In aula Marra ricostruisce l’incontro con l’ex-collega del Consiglio superiore della magistratura e l’urgenza di Davigo di comunicargli quanto dichiarato dall’avvocato Piero Amara ai magistrati milanesi: “Restai a bocca aperta, sbalordito, che ci fosse una loggia massonica e che la procura di Milano non avesse voluto fare indagini“, dice ora Marra.

In un incontro a pranzo avvenuto l’8 giugno 2020, “mi raccontò che il pm Paolo Storari – che non ho mai conosciuto, né visto -, si era recato da lui spiegando che nel corso dell’interrogatorio di Amara, indagato a Milano, aveva riferito ai pm dell’esistenza di una loggia massonica a cui aderivano numerosi magistrati e forze dell’ordine.
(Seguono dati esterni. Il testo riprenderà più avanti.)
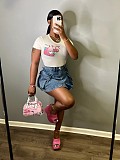 Blue Sexy Slim Package Hips Denim Mini Skirt LX-3549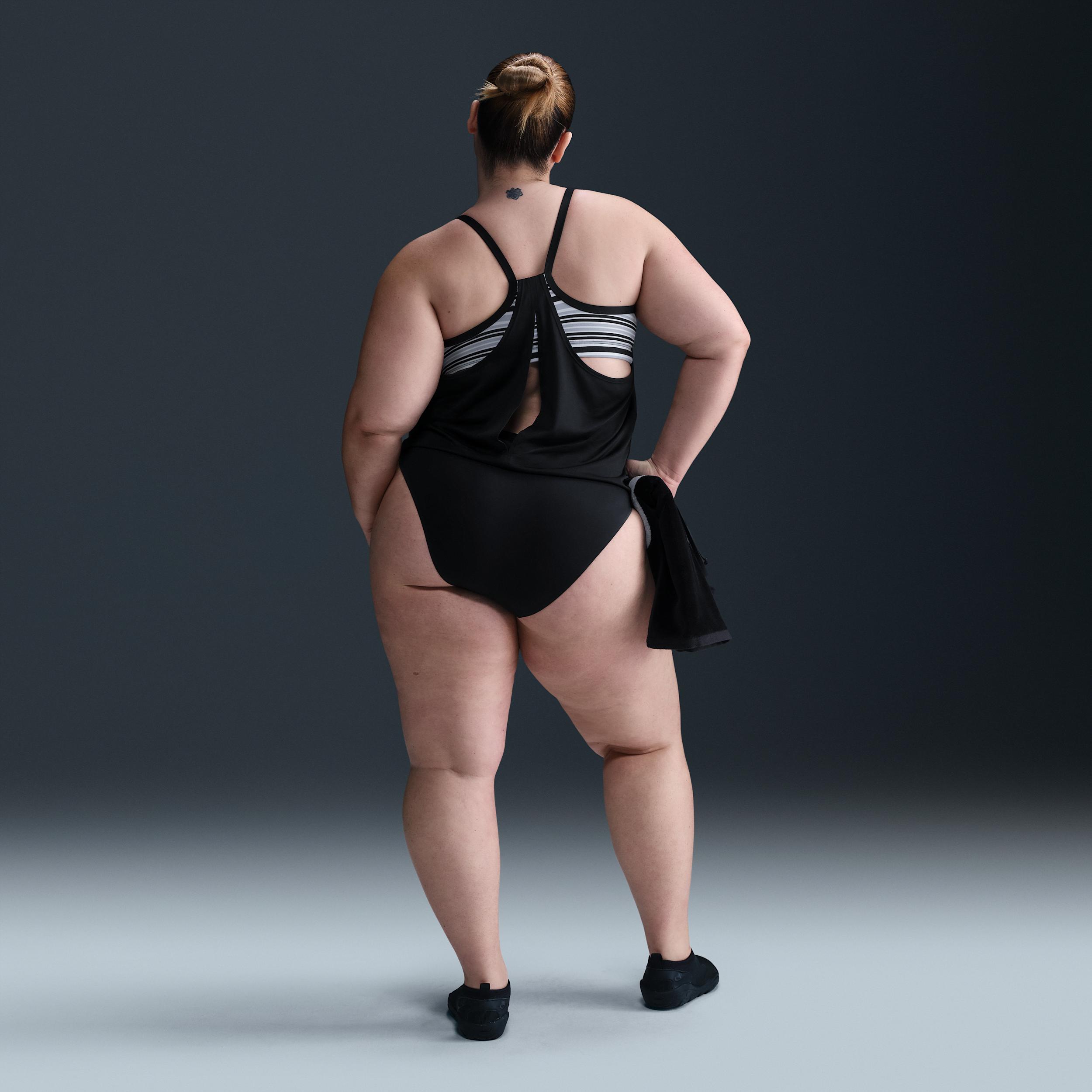 Nike Womens Swim Layered Tank Topini (Extended Sizing) | NESSF341-001 Product Image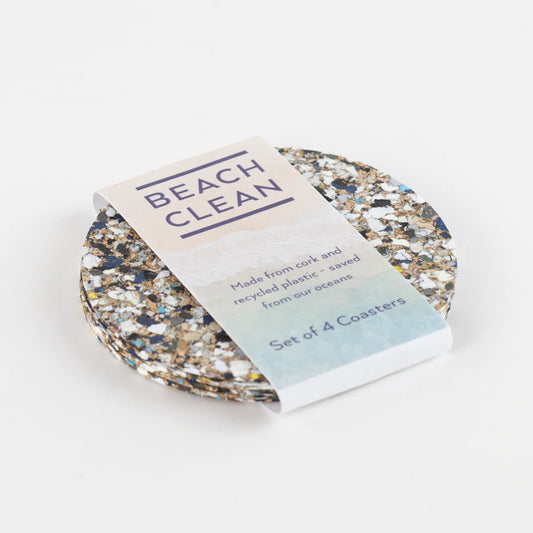 Beach Clean Round Coaster Set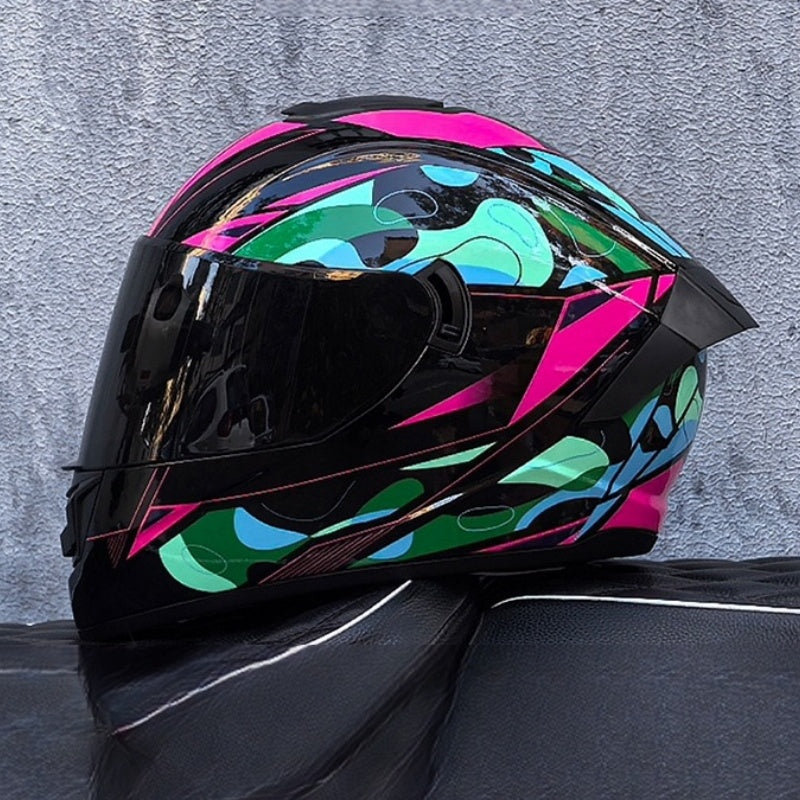 Bluetooth motorcycle helmet with dual visors-I245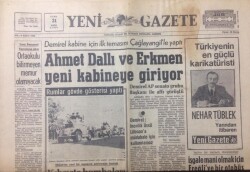 Yeni Gazete 31 Ekim 1969 - Erbakan Anadaolu Partisi İsimli Bir Parti Kuruyor - GZ12408 - 1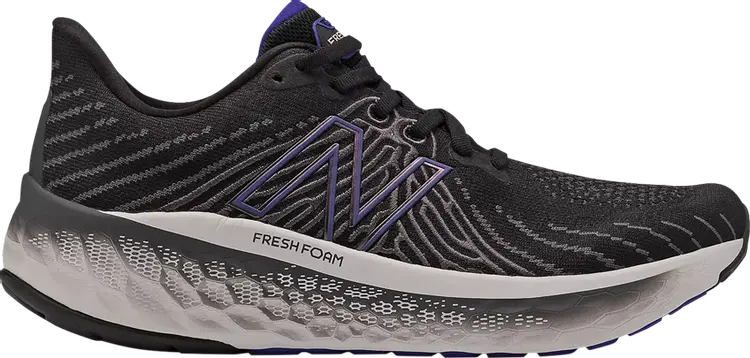 

Кроссовки New Balance Fresh Foam X Vongo v5 2E Wide 'Black Deep Violet', черный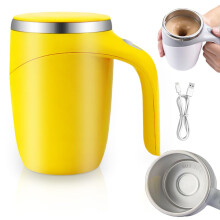 Automatický magnetický hrnček s miešadlom, nehrdzavejúca oceľ, 350 ml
Davigo – ricostruisce Marra oggi – si era fatto carico di rassicurare Storari che si trovava in difficoltà perché la Procura di Milano non aveva intenzione di iscrivere. In quei dieci minuti che ho visto quei fogli (verbali, ndr), la mia attenzione fu tutta concentrata sul contenuto e non sulla forma, restai a bocca aperta”.

“Feci la domanda se fosse legittimo che Storari gli avesse consegnato i verbali brevi manu e non con la procedura, ossia l’invio di un plico al Comitato di presidenza. Davigo – ricorda Marra – mi disse che il segreto investigativo non è opponibile al Csm e quindi neanche al singolo consigliere e, tra le prime cose che mi disse, è che aveva già informato i vertici istituzionali del Consiglio e che era stato informato il Capo dello Stato‘. Mi informò perché io avevo rapporti di amicizia con il consigliere Ardita, mi disse ‘Fai attenzione alla comunicazione con Ardita‘”.
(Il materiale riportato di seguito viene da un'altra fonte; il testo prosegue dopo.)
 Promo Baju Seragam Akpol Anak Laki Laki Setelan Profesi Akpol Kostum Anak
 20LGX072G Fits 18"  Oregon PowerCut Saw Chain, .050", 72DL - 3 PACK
Davigo, aggiunge il magistrato, fu “molto cauto” sulla presunta inerzia della procura di Milano, così come “non aveva nessun elemento per capire se le affermazioni di Amara avevano un fondamento, ma mi disse che sembrava inverosimile che una persona per nulla sprovveduta si inventasse tutto, rischiando una calunnia clamorosa contro 30-40 persone delle istituzioni” ricorda Marra.
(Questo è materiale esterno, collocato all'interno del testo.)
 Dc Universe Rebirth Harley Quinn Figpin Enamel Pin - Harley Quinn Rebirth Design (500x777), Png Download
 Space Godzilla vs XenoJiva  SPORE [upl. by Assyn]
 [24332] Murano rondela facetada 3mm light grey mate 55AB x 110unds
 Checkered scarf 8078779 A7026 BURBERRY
Piercamillo Davigo lasciò personalmente sulla scrivania del ‘collega’ Giuseppe Marra una cartellina con i verbali secretati in cui l’avvocato Piero Amara svelava ai pm di Milano la presunta esistenza della loggia Ungheria. Un passaggio di consegna, Davigo andava in pensione, “perché forse in quel momento ero la persona a lui più vicina” racconta sempre in aula Marra.

“Dopo due-tre settimane” dall’addio di Davigo “le distrussi. Erano cose che preferivo non avere perché era una cosa che non si capiva se ci fosse, erano documenti che scottavano, non volevo guardarli. Li ho strappati, li ho messi una busta grande e li ho buttati in un cassonetto della carta. Se devo rimproverarmi, mi rimprovero di questo, di non averli dati a Ermini (ex-vicepresidente del Csm, ndr), così non mi ritrovavo in questo pasticcio” racconta il magistrato che ripercorre in aula la nascita dell’inimicizia tra Davigo e l’ex componente del Csm, Sebastiano Ardita, parte civile nel processo.

Prima di Marra era stata chiamata Marcella Contrafatto, ex-segretaria di Piercamillo Davigo, ma si è avvalsa della facoltà di non rispondere perché se è stata prosciolta dall’accusa di calunnia, su di lei – svela l’avvocato Alessia Angelini c’è una seconda indagine a Roma per rivelazione del segreto d’ufficio e favoreggiamento personale la cui ultima proroga risale allo scorso maggio e che “è ancora pendente come da certificato rilasciato il 18 febbraio 2023”.

Presente in aula, l’ex-segretaria oggi in pensione si è seduta al banco dei testimoni (assistita dal difensore) per ascoltare le dichiarazioni spontanee rese in due occasioni a Roma – e acquisite dalla corte bresciana – in cui nega di aver mai trasmesso i verbali secretati alla stampa.

“Dal giorno della perquisizione la mia vita è stata stravolta, ho subito un vero trauma, trattata come la peggiore dei delinquenti, la stampa mi ha ribattezzato il ‘corvo del Csm’, mi hanno ritenuto responsabile senza neanche aver aspettato il processo“, alcune delle sue vecchie dichiarazioni lette in aula dal presidente della corte, il giudice Roberto Spanó.